Room with a View

by wildtrak



Category: Hawaii Five-0 (2010)
Genre: Episode Tag, Injury, Introspection, M/M, Season 10 episode 7, THERE WAS ONLY ONE BED, Whump
Language: English
Status: Completed
Published: 2020-09-26
Updated: 2020-09-26
Packaged: 2021-03-08 03:40:55
Rating: Teen And Up Audiences
Warnings: No Archive Warnings Apply
Chapters: 1
Words: 2,052
Publisher: archiveofourown.org
Story URL: https://archiveofourown.org/works/26659102
Author URL: https://archiveofourown.org/users/wildtrak/pseuds/wildtrak
Summary: It should get easier, Danny thinks. After all they’ve been through, it should be just another day, another trauma ruthlessly suppressed and compartmentalised. It isn’t that simple though, and both of them are short on compartment space.Danny arrives at a Washington hotel, unsure of what he'll find.
Relationships: Steve McGarrett/Danny "Danno" Williams
Comments: 20
Kudos: 158





	Room with a View

It’s hardly the Four Seasons, but the room is clean, and after the flight Danny’s had he’s just keen to be horizontal for a few hours. Steve shuts the bathroom door on the negotiation about the bed, but Danny isn’t above staging a non-violent lie-in until Steve relents. The sound of old pipes groaning under what is probably pretty crappy water pressure comes through the wall behind his head, and Danny lets the drone lull him into a zone out for a minute. 

His beer is perspiring in the warmth of the room, despite the fact that Washington’s weather isn’t much nicer than Newark at this time of year. Danny lets his mind drift.

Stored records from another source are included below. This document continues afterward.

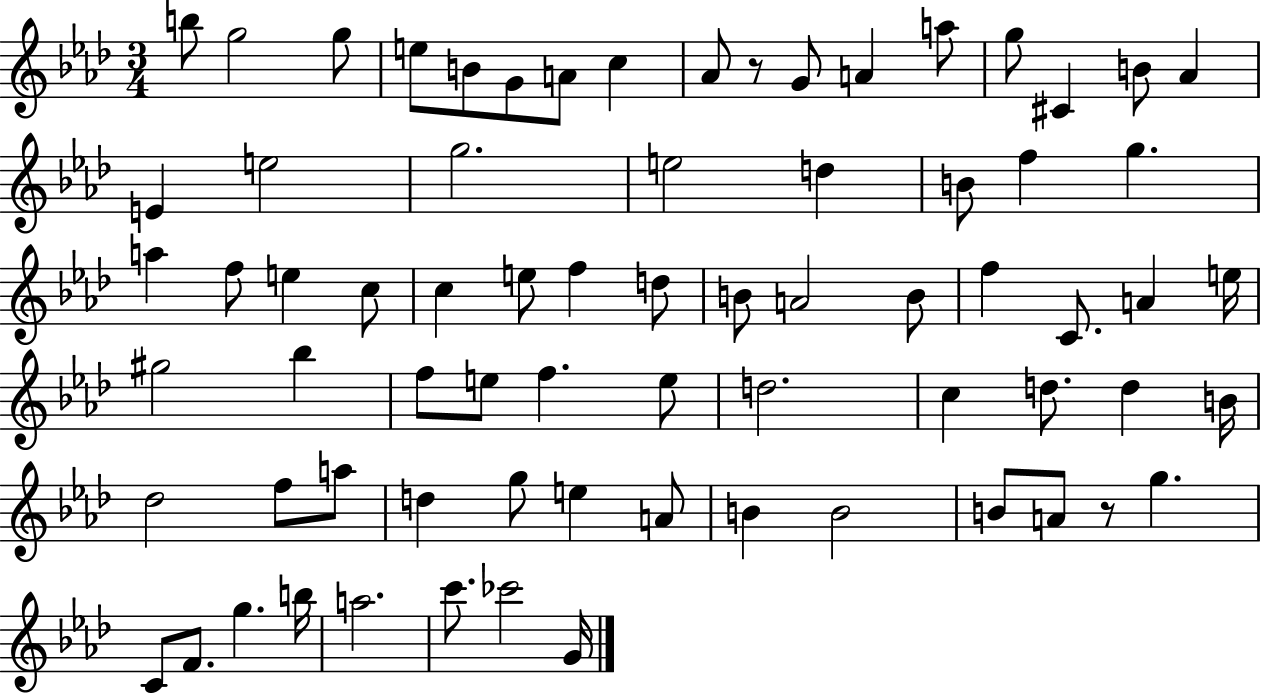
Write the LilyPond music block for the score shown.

{
  \clef treble
  \numericTimeSignature
  \time 3/4
  \key aes \major
  b''8 g''2 g''8 | e''8 b'8 g'8 a'8 c''4 | aes'8 r8 g'8 a'4 a''8 | g''8 cis'4 b'8 aes'4 | \break e'4 e''2 | g''2. | e''2 d''4 | b'8 f''4 g''4. | \break a''4 f''8 e''4 c''8 | c''4 e''8 f''4 d''8 | b'8 a'2 b'8 | f''4 c'8. a'4 e''16 | \break gis''2 bes''4 | f''8 e''8 f''4. e''8 | d''2. | c''4 d''8. d''4 b'16 | \break des''2 f''8 a''8 | d''4 g''8 e''4 a'8 | b'4 b'2 | b'8 a'8 r8 g''4. | \break c'8 f'8. g''4. b''16 | a''2. | c'''8. ces'''2 g'16 | \bar "|."
}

Hotel rooms always remind him of loss, and the bleak light from outside the window is a world away from the soft glow of Hawaii. He wonders when it all started to look so grey and lifeless anyplace else. 

It’s a room with a view, at least. 

It’s been a long two months since Steve disappeared in Mexico. He told himself he wasn’t worried, and that Steve would be back cluttering up HQ in no time. But that line became a hard one to sing when the weeks stretched into months. 

He’s seen Steve in a thousand awful situations, in varying states of health which can be pretty reliably indicated by the varying volumes of facial hair. While Steve’s current appearance doesn’t shock him, he hasn’t seen his partner look this rough in a while.

It should get easier, Danny thinks. After all they’ve been through, it should be just another day, another trauma ruthlessly suppressed and compartmentalised. It isn’t that simple though, and both of them are short on compartment space. 

Danny is angry, mostly. Angry at Doris for putting Steve in the position she did, and for the lifetime of grief and distress she’s caused his partner, all predicated on the same bullshit notions she’s been relying on for decades. 

She used to accuse Danny of trying to domesticate Steve, stopping him from achieving his full potential as a ruthless psychopath, or whatever the hell passed for success in Doris’s book. It had been enough to do Danny’s head in, let alone Steve’s. 

She had wanted it both ways, and Danny was forced to stand by and watch as Steve turned himself inside out trying to be the son she expected. Danny had seen the resignation settle over Steve like a weighted blanket when he was handed that dossier in a carpark two months ago, and he knew nothing he said or did would convince Steve to leave Doris well enough alone. 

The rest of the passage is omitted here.